Provided material =
[Start of Attachment]
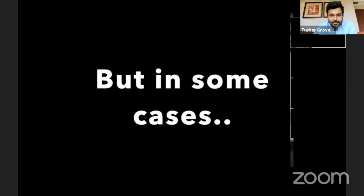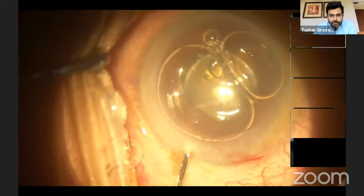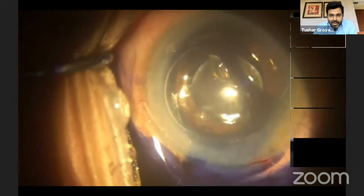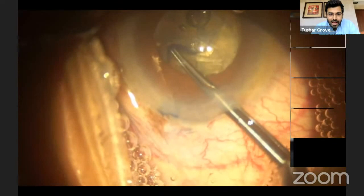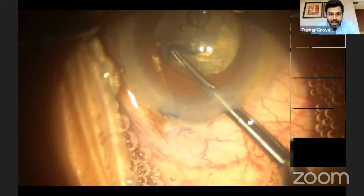But sometimes this can go wrong, such as in this case where once we took up the patient for surgery, we noticed that there was some pigment dispersion, which is why we stained this particular patient. When you look at this case, it's quite evident that a part of the capsulotomy by the femtosecond laser has been done over the iris. So the energy has been delivered onto the iris, and quite evidently there is an area of uncut capsulotomy.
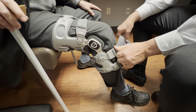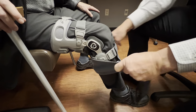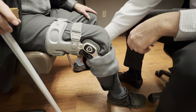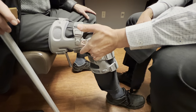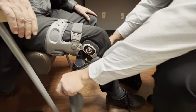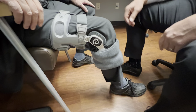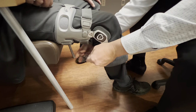It just wraps around and velcros here. One common mistake is putting it on the other way — as you can see nothing really changed and I didn't pull the brace out of position, but we'd rather you put it on the correct way so you don't risk pulling the hinge forward. So: outside to inside, clockwise from your perspective. That's the whole brace applied.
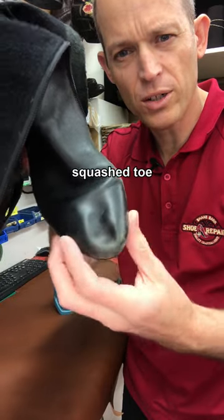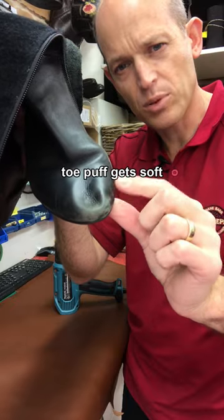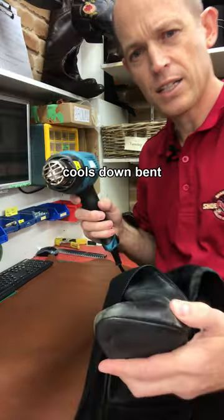If left in the car or exposed to heat with something else on top, it softens the toe puff inside — it's a bit of plastic between the lining and the outer — and then when it cools down it sets in the wrong shape.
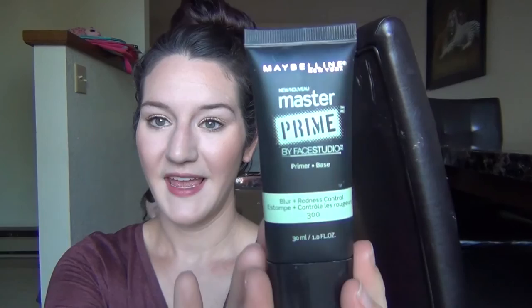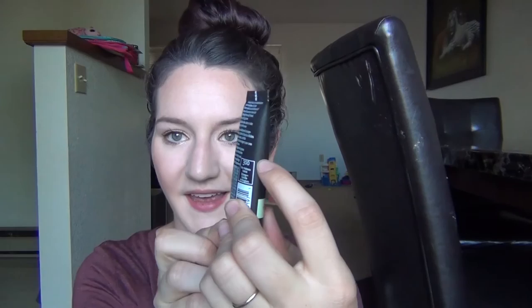Another one is a primer — this is my Maybelline Master Prime in the Blur and Redness Control one. I absolutely love this primer and I love the other one in the smoothing formula too. I've had it for a little bit of time now and I just don't want it to go bad since I haven't been using it a lot. I will definitely repurchase either this one or the other one in this line because I really do like these primers. It's pretty full, probably only down to about here, so I still have quite a bit in there.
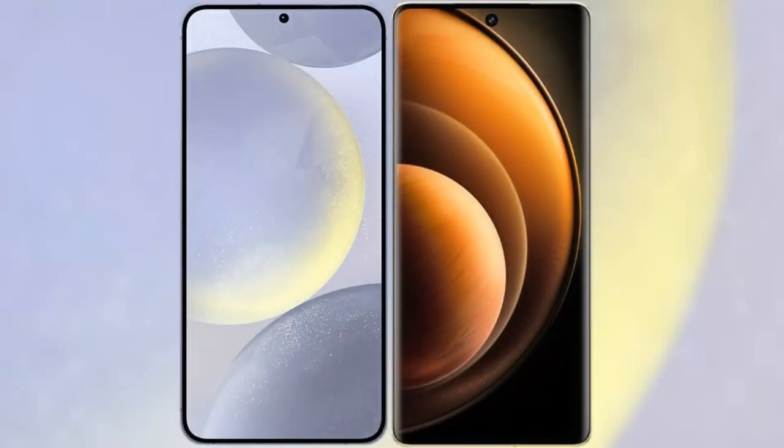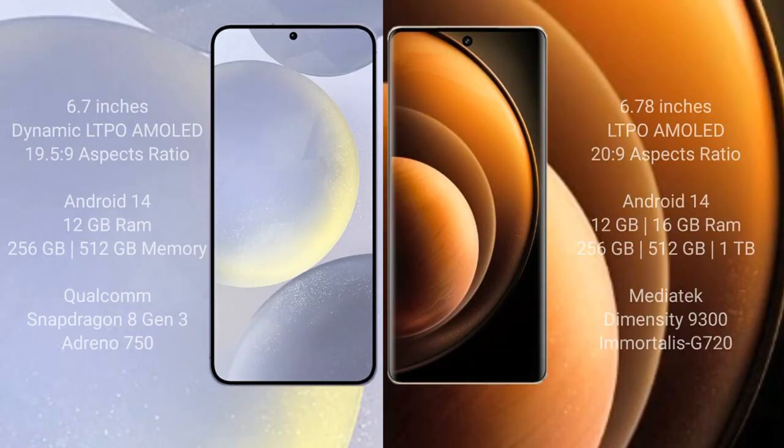I will compare the new Samsung Galaxy S24 Plus with Vivo X100. Samsung Galaxy S24 Plus comes with a 6.7-inch Dynamic LTPO AMOLED Display and Snapdragon 8 Gen 3 processor. Vivo X100 comes with a 6.78-inch LTPO AMOLED Display and Dimensity 9300 processor.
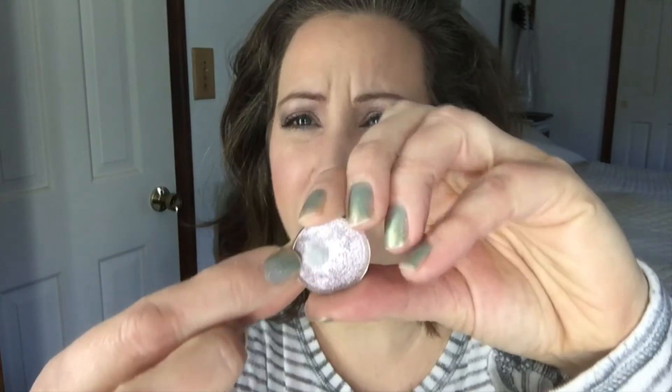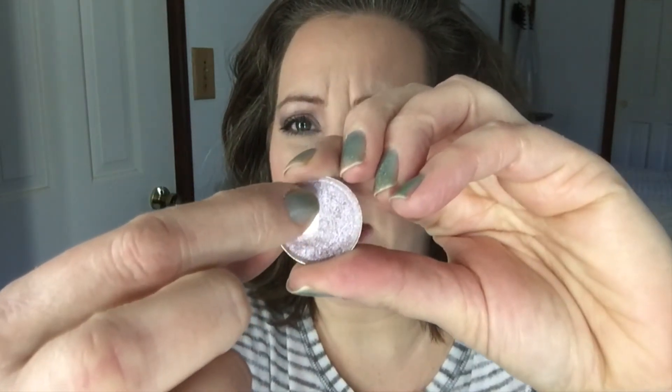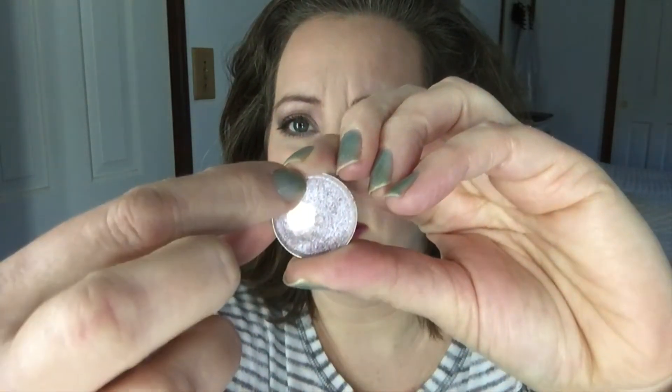Next up I have this eyeshadow from Bare Minerals — this is Hyacinth. It was a loose eyeshadow but I pressed it into a pan, and this is what it looks like. It already has nice pan on it. My goal is to actually hit side pan over here and basically use this half, so I would end up with about half of the product left — just clear everything out on this side.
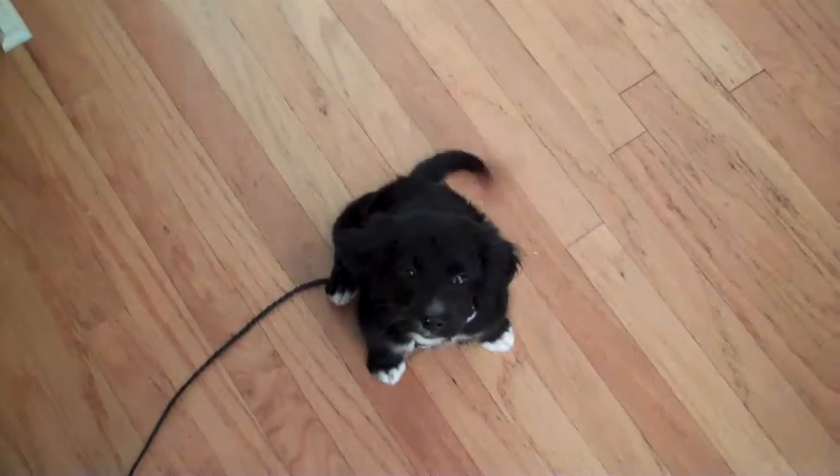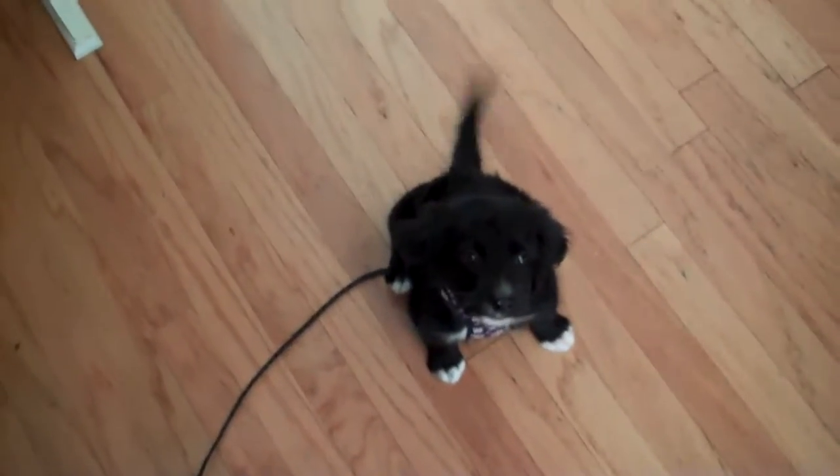So here's Peanut, 7 weeks old. One of the things that comes up a lot in classes is we have adult dogs, or dogs that are 6 months, 9 months, a year, even 3 years that won't come.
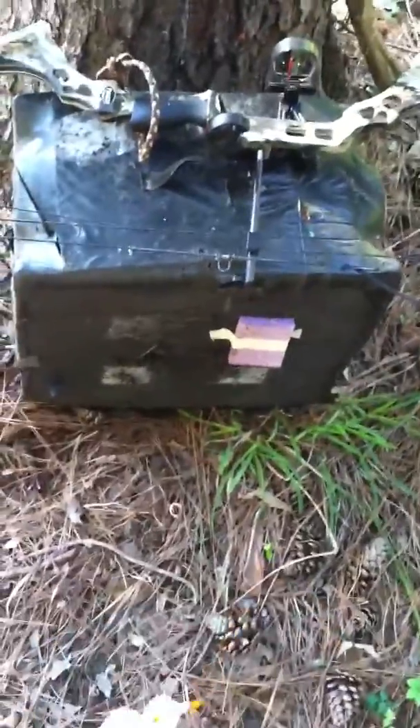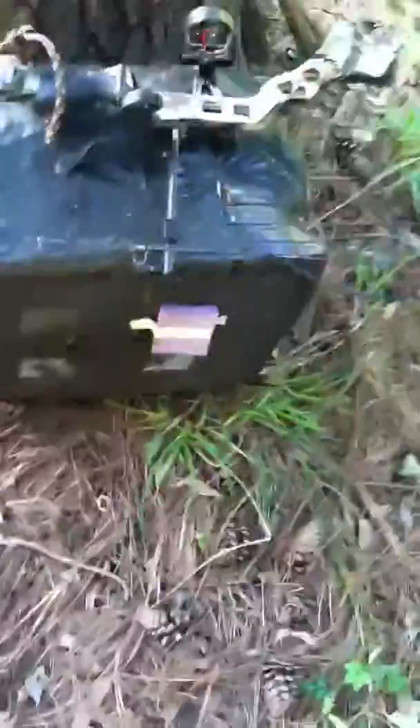Today we're going to be trying to hit this sponge. It's about 3 and a half inches big on this block target at 20 yards. We're going to try to put some arrows in it. I haven't practiced this shot at all. I'm just getting ready for deer season, so let's get to it.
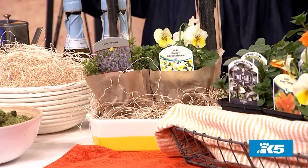Give a container that is beautiful and that you can reuse — that's what I really like. So that's why we talk about going beyond the basket. This is so fun.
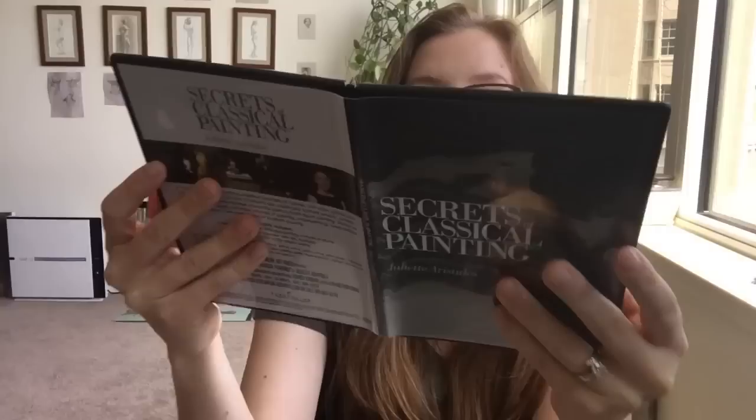I'm reviewing this instructional DVD, Secrets of Classical Painting, with Juliette Aristides. Here's the front and the back. Inside there are two discs and they show the runtime and what's on each DVD.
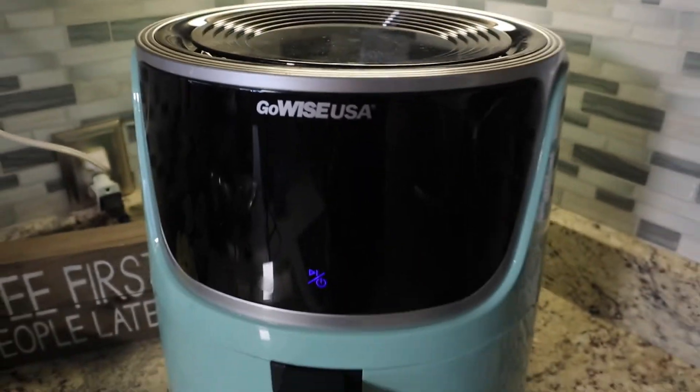If you guys aren't in the air frying game yet, you are missing out. Today we're going to do a quick review on the GoWise 7-Quart Air Fryer. Let's go take a look.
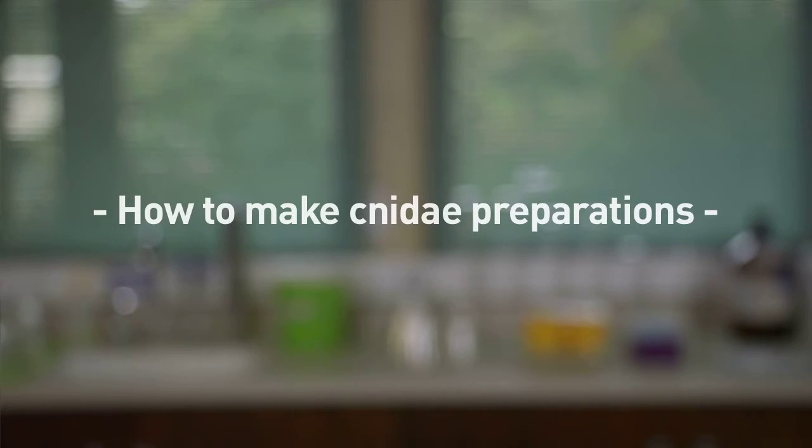The types, the distribution and the size ranges of the cnidae are diagnostic characters for sea anemones. Thus, in order to identify a sea anemone you need to make cnidae preparations. In this video I'm going to show you how to make cnidae preparations.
[End of Attachment]
Your instructions = Please reproduce, exactly and only, the lines from the line containing "If you guys" through the last line of the material above, minus any pictures.

Solution =
If you guys aren't in the air frying game yet, you are missing out. Today we're going to do a quick review on the GoWise 7-Quart Air Fryer. Let's go take a look.
The types, the distribution and the size ranges of the cnidae are diagnostic characters for sea anemones. Thus, in order to identify a sea anemone you need to make cnidae preparations. In this video I'm going to show you how to make cnidae preparations.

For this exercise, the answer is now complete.